## Required action
An exact copy is needed of the lines in the entries below from the line with "A modern glass-fronted" up to and including the line with "Eye of needle", and of nothing else. Leave the pictures out.

## Data shown
══════
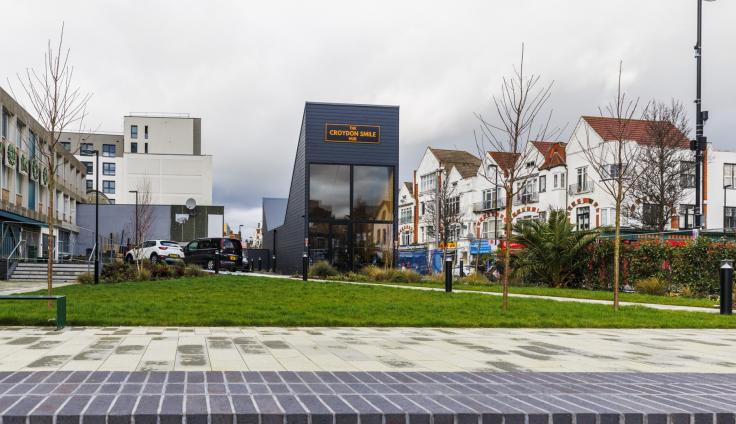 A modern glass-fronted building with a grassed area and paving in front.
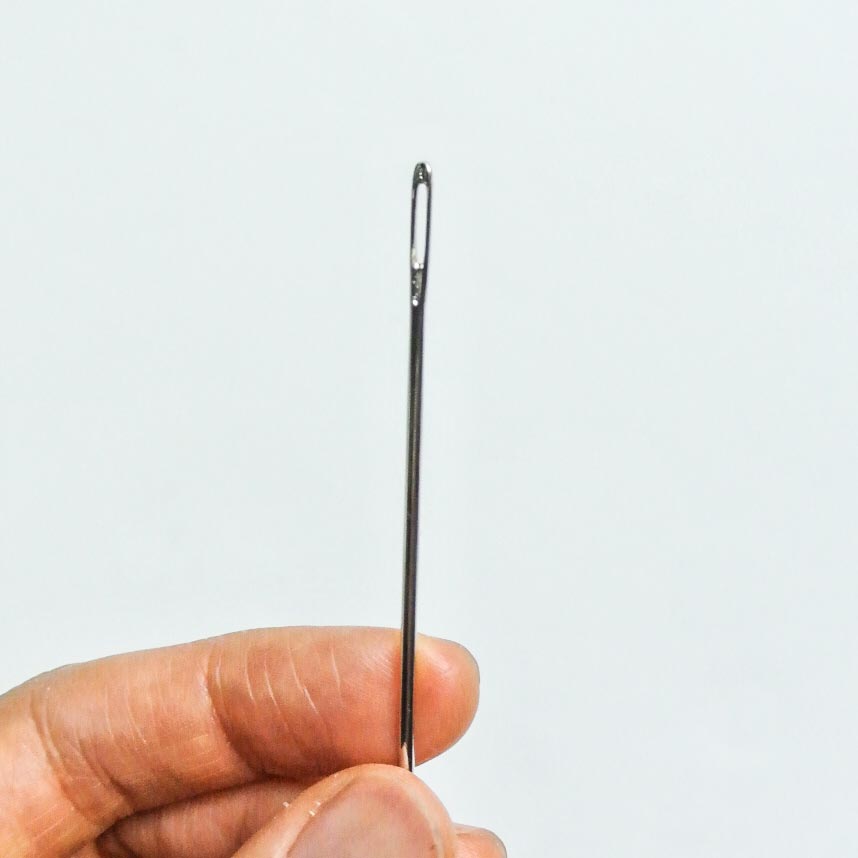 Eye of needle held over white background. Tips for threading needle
══════
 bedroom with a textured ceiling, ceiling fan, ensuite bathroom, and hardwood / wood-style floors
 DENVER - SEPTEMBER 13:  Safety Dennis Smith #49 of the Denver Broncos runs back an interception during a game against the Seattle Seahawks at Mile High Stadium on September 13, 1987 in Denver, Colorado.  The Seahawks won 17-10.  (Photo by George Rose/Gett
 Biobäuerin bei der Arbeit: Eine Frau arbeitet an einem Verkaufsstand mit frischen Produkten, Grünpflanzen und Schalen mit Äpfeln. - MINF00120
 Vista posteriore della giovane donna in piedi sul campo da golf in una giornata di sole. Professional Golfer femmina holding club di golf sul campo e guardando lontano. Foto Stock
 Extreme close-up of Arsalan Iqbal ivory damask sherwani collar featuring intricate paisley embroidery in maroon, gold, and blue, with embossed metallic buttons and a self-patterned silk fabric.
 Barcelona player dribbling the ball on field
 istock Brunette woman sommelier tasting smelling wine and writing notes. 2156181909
══════
## Reply
 A modern glass-fronted building with a grassed area and paving in front.
 Eye of needle held over white background. Tips for threading needle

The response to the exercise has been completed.